◆ **THE DATA**:
________________

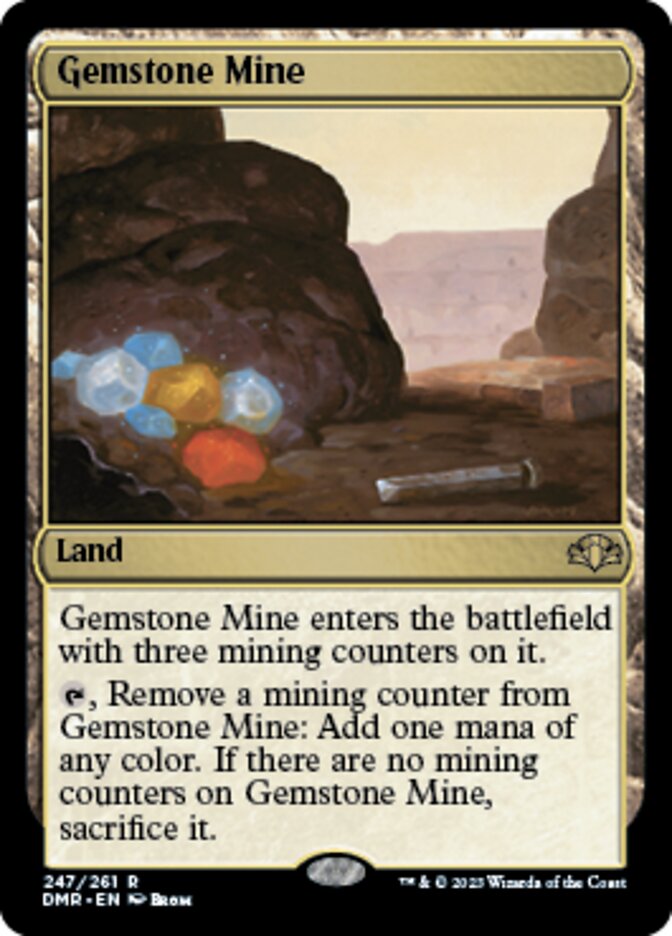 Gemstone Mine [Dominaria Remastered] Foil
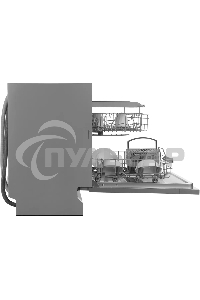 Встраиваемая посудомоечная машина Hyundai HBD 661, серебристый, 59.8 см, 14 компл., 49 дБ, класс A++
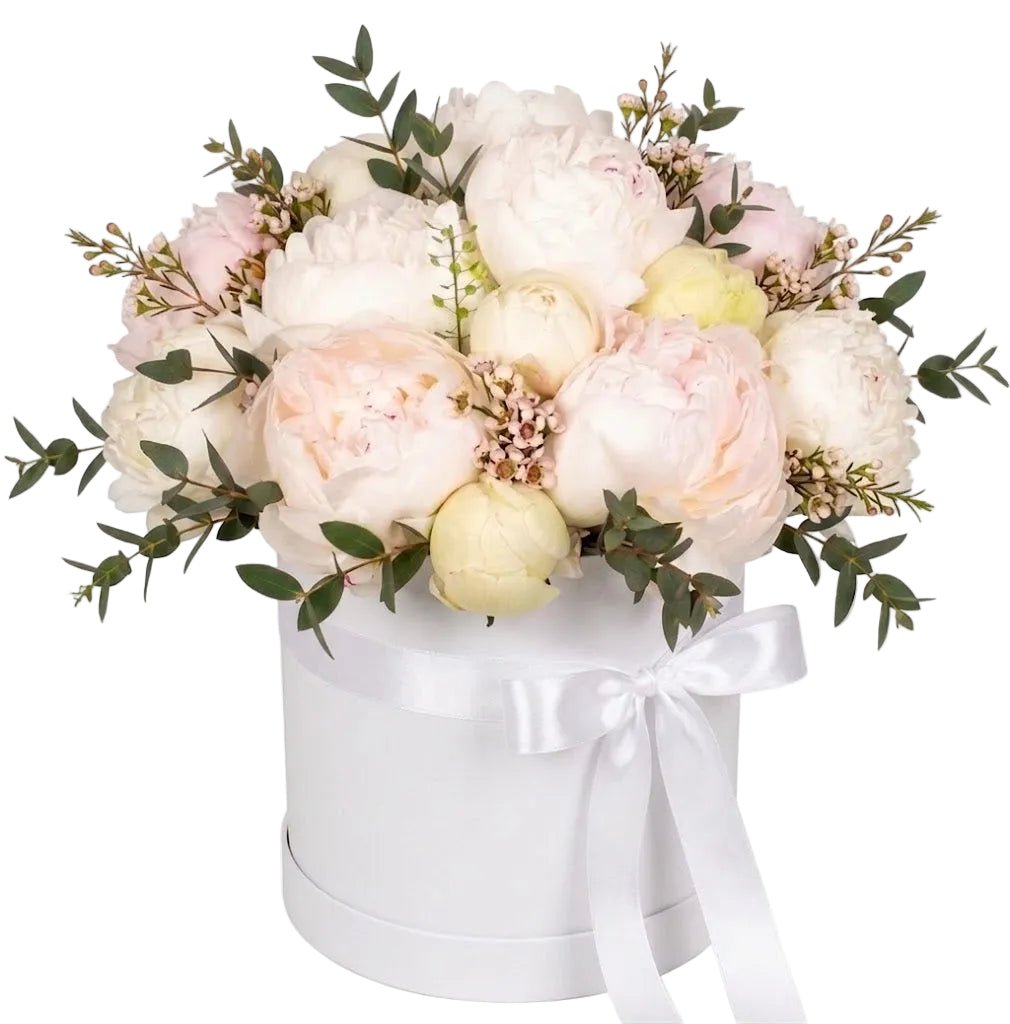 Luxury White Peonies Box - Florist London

________________

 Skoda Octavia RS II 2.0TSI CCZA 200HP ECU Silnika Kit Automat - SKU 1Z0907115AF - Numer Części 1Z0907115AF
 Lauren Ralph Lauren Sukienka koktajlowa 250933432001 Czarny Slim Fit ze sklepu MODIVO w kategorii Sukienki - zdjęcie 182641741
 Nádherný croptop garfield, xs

________________

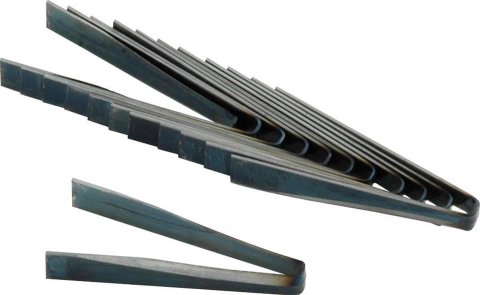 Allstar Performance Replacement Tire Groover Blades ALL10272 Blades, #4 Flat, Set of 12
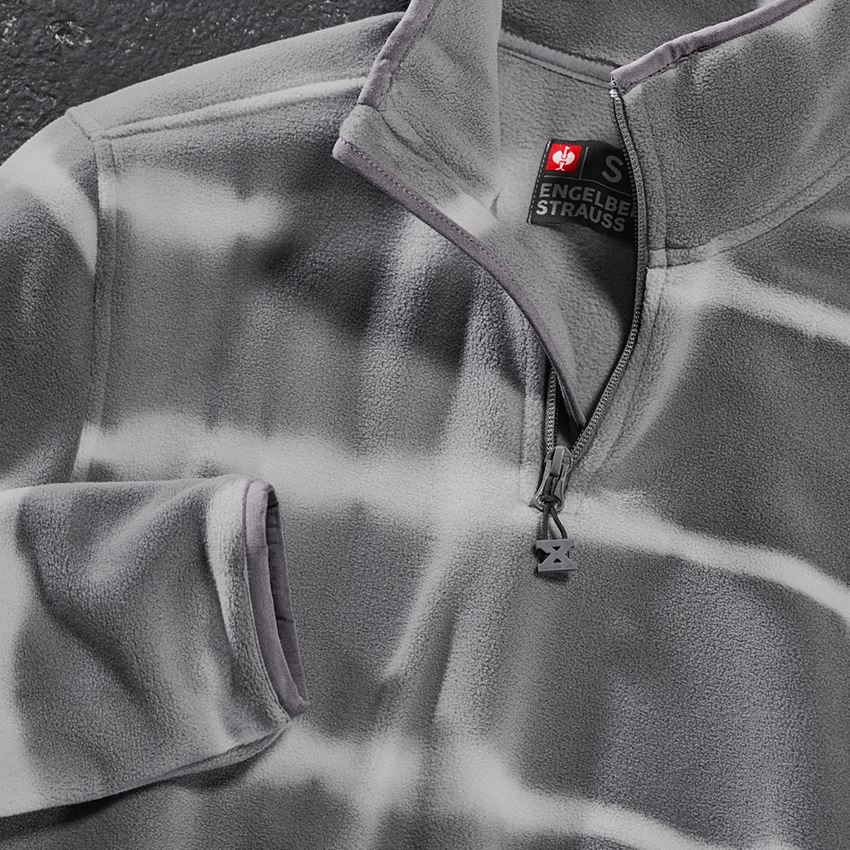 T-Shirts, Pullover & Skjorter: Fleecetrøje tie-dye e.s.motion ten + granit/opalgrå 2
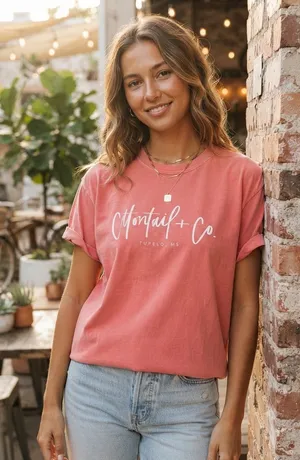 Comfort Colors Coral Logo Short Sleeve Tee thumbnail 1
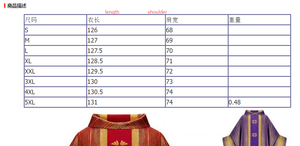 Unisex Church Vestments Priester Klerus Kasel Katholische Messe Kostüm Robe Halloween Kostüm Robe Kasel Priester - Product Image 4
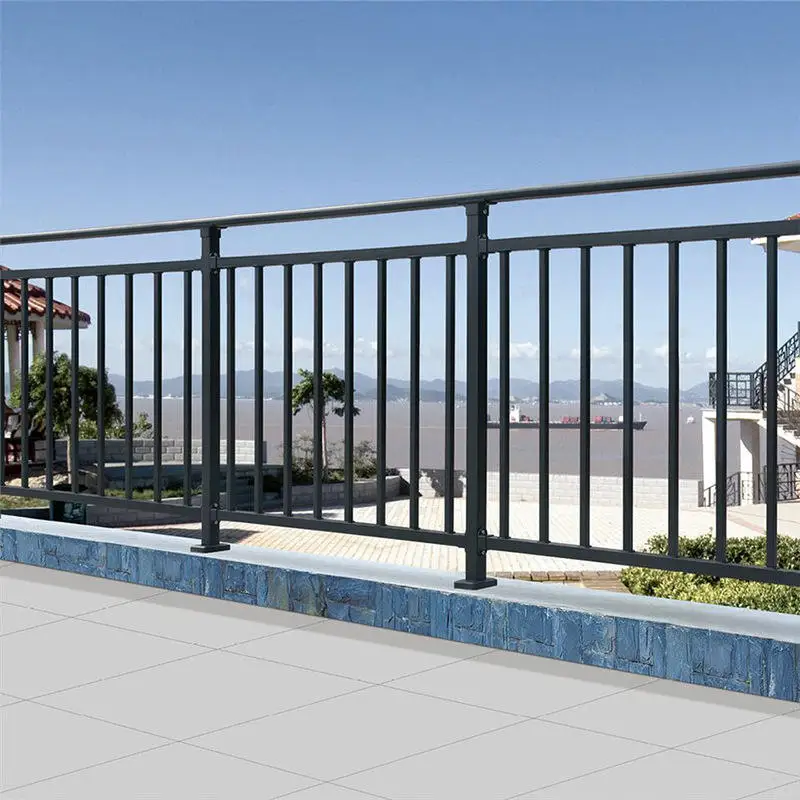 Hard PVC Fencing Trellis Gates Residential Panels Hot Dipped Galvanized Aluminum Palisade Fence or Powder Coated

________________

◆ **THE PROBLEM**: Drop the pictures; return the lines above from the line containing "Встраиваемая посудомоечная машина" to the line containing "Luxury White Peonies Box - Florist London", both included, exactly.

◆ **TASK ANSWER**:
 Встраиваемая посудомоечная машина Hyundai HBD 661, серебристый, 59.8 см, 14 компл., 49 дБ, класс A++
 Luxury White Peonies Box - Florist London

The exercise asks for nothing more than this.